The Polisario leaders and torturers are again placed in the dock for the abuses and serious human rights violations they committed in the Tindouf camps.
Sahrawi civil society activists last Sunday seized the opportunity of a visit to Laayoune of a delegation of the Working Group on Arbitrary Detention (WGAD) to denounce the abuses and violations inflicted on the populations sequestered by the militias of Mohamed Abdelaziz, the Polisario chief.
The delegation, led by WGAD chairman, El Hadji Malick Sow, is visiting Morocco this December at the invitation of the Moroccan government.
The invitation is part of Morocco’s opening up and interaction with the mechanisms of the UN human rights system and also translates the Kingdom’s strategic and irreversible choice in the matter.
The visit is meant to be an opportunity for the UN experts to get informed on the various reforms initiated by Morocco in the fields of justice, human rights and arbitrary detention.

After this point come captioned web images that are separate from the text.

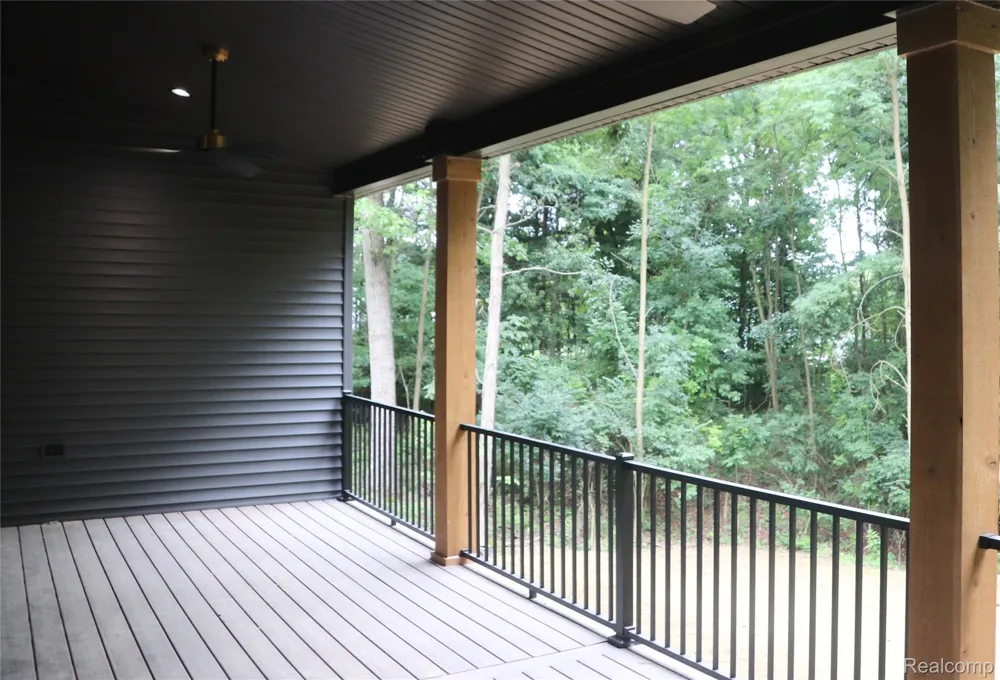 7877 Donegal Court Tyrone Township, MI 48430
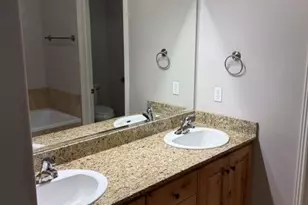 3847 E Cunninghill Dr E, Eagle Mountain, UT 84005 - Photo 15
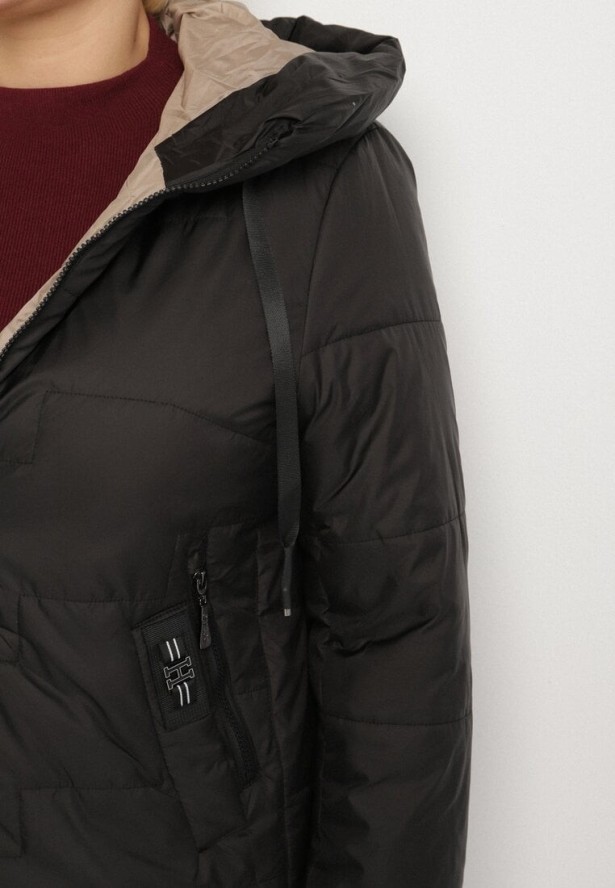 Czarna Pikowana Kurtka z Kapturem i Ozdobnymi Suwakami Tulirisa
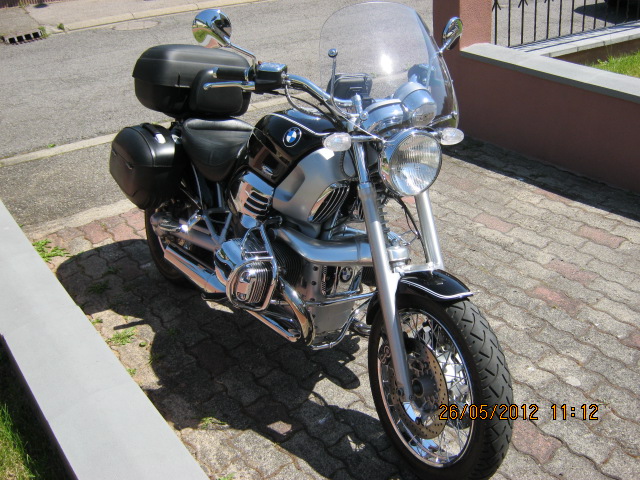 R 1200 C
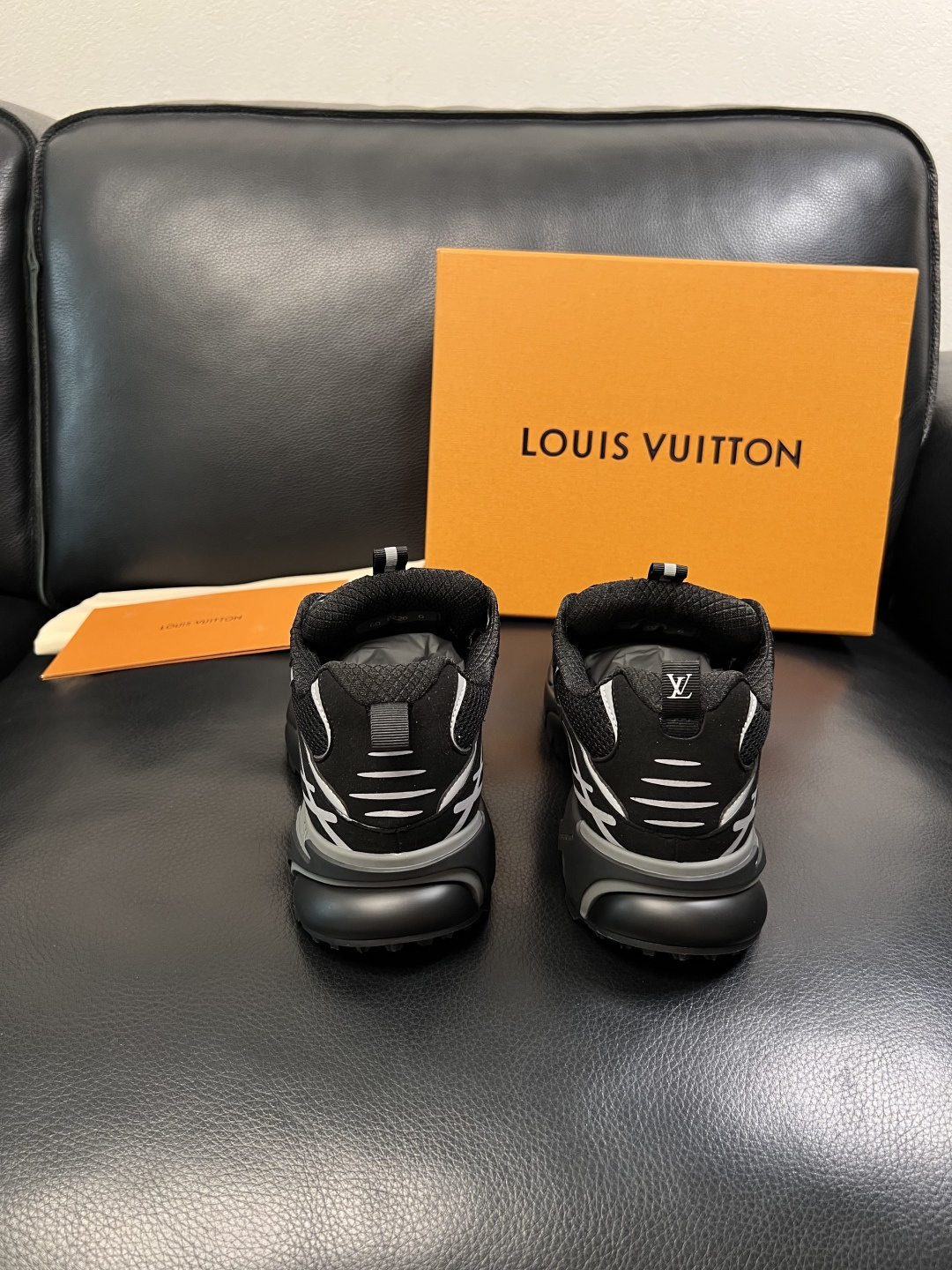 Lv  高品质  顶级工艺品  路易威登，运动板鞋专柜同步，鞋面意大利进口，高品质拼接缤纷色彩复杂工艺品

After a series of meetings with officials, politicians and civil society activists in Rabat, the WGAD experts visited Laayoune for similar meetings with the local civil society militants.
These militants expressed to the UN experts their serious concerns regarding the precarious living conditions of the Moroccans forcibly held in the Tindouf camps on Algerian soil for almost 40 years.
They have also denounced the impunity enjoyed by the Polisario leaders in the absence of appropriate mechanisms likely to enable international human rights NGO to investigate the crimes committed in this land of lawlessness.
The Polisario torturers continue to “commit all forms of torture” against the sequestered population, subjected to “daily humiliation and repression” in the camps of shame, said the president of the Association of missing people at the hands of the Polisario, Dahi Akai.
Dahi Akai, who had himself been imprisoned in the Polisario jails, asked WGAD to endeavour to help elucidate the fate of the missing and lift the blockade imposed on thousands of Sahrawis so that they can return freely to Morocco, their homeland.